Anyhow, I believe that going to work after undergraduate is not waste of time and it is valuable as they can have a taste of real work (or real world too) and shape their world to be focus on their career before going to grad. school.
Neither of those is true, although the second one requires some work.
The first one is easy: It’s not harder, not if you made a good impression on the professors that you worked with in undergrad. For an example, I went back to my undergrad a few weeks ago to visit for a recruitment event for my company; I dropped in on one of my professors, who I only took two classes with (didn’t even do research with her). She immediately remembered me. If you work with professors closely in scholarship they will definitely remember you. What you do is after the time off, you reach out via email and let them know that you’re planning to apply for PhD programs, you’d like a letter of recommendation, and provide them with a resume, an update of what you’ve done since college and a draft of your personal statement.

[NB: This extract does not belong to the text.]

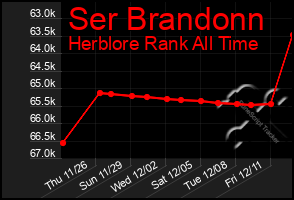 Total Graph of Ser Brandonn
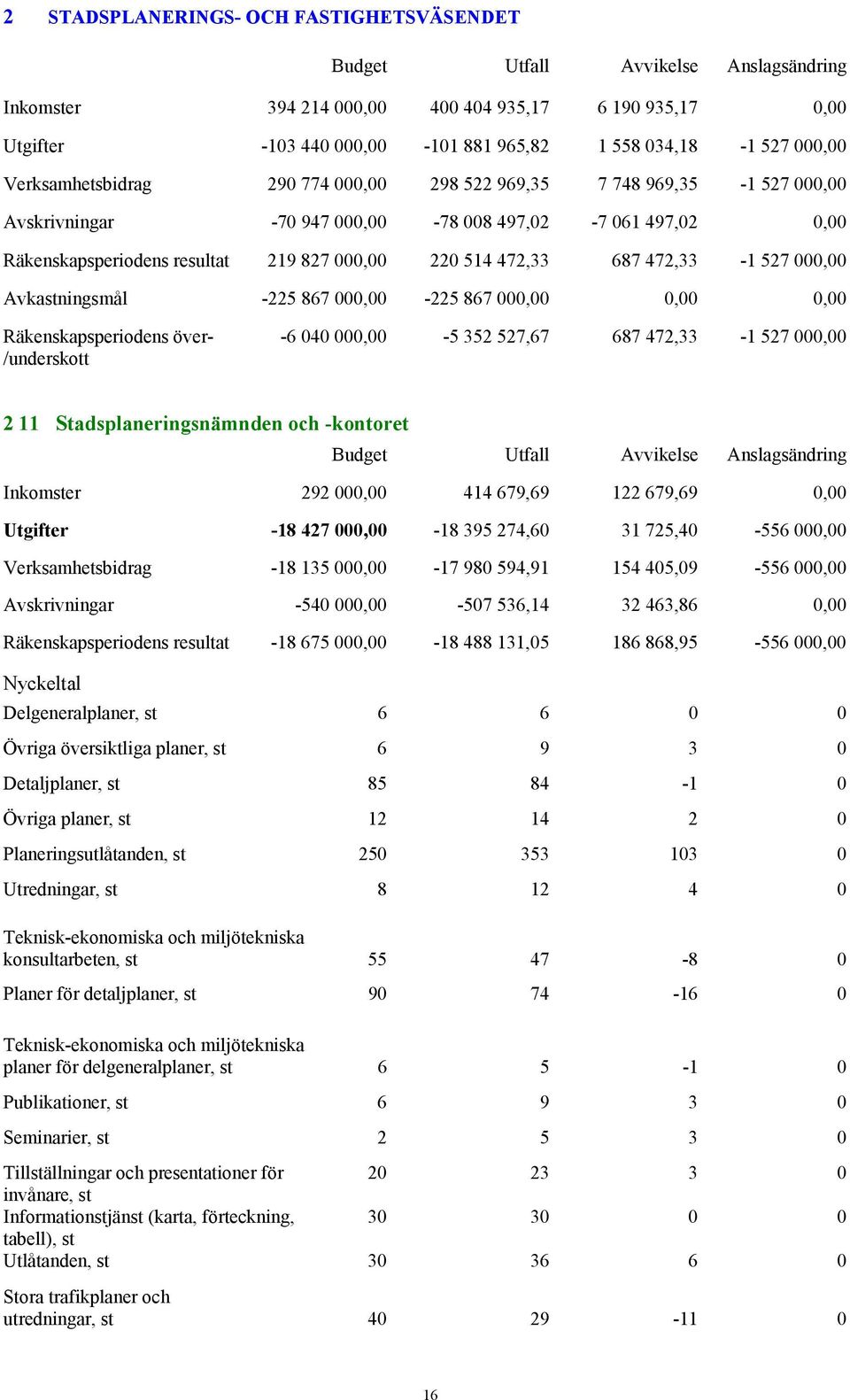 -225 867 000,00-225 867 000,00 0,00 0,00 Räkenskapsperiodens över- /underskott -6 040 000,00-5 352 527,67 687 472,33-1 527 000,00 2 11 Stadsplaneringsnämnden och -kontoret Inkomster 292 000,00 414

The second one also isn’t true, if all you are taking is a year. You’d be applying in the early part of that year and would only have about 4-5 months between the time you graduate and the time you apply. You don’t even have to mention what you are doing then in the personal statement unless it’s relevant.
I’d say you’d really only have to significantly explain gaps of 3-4 years or longer, and even then all it takes is a little explanation. If you are involved in academic math in the intervening years in some way, no need to explain. If you are involved in a professional job that has ties to math, all you have to do is explain how that job is related to math and how it’s impelled you to further graduate study (“After serving as an actuary for four years, I’ve realized by using [math technique X] on a daily basis that I am really fascinated with [how math technique X intersects with theory Y] and I want to further the field by doing scholarship in that area.” Or whatever).
If your job in the intervening years has nothing to do with math or math scholarship, then you have a little harder job to explain why you are still committed and devoted to math scholarship. Professors will, indeed, wonder whether you taking time away has dampened your commitment or eroded some of your math research skills, and the longer that time is the more difficult it will become to explain it away. But we’re talking about long gaps of the 4+ years range; one or even two years isn’t going to make a huge difference.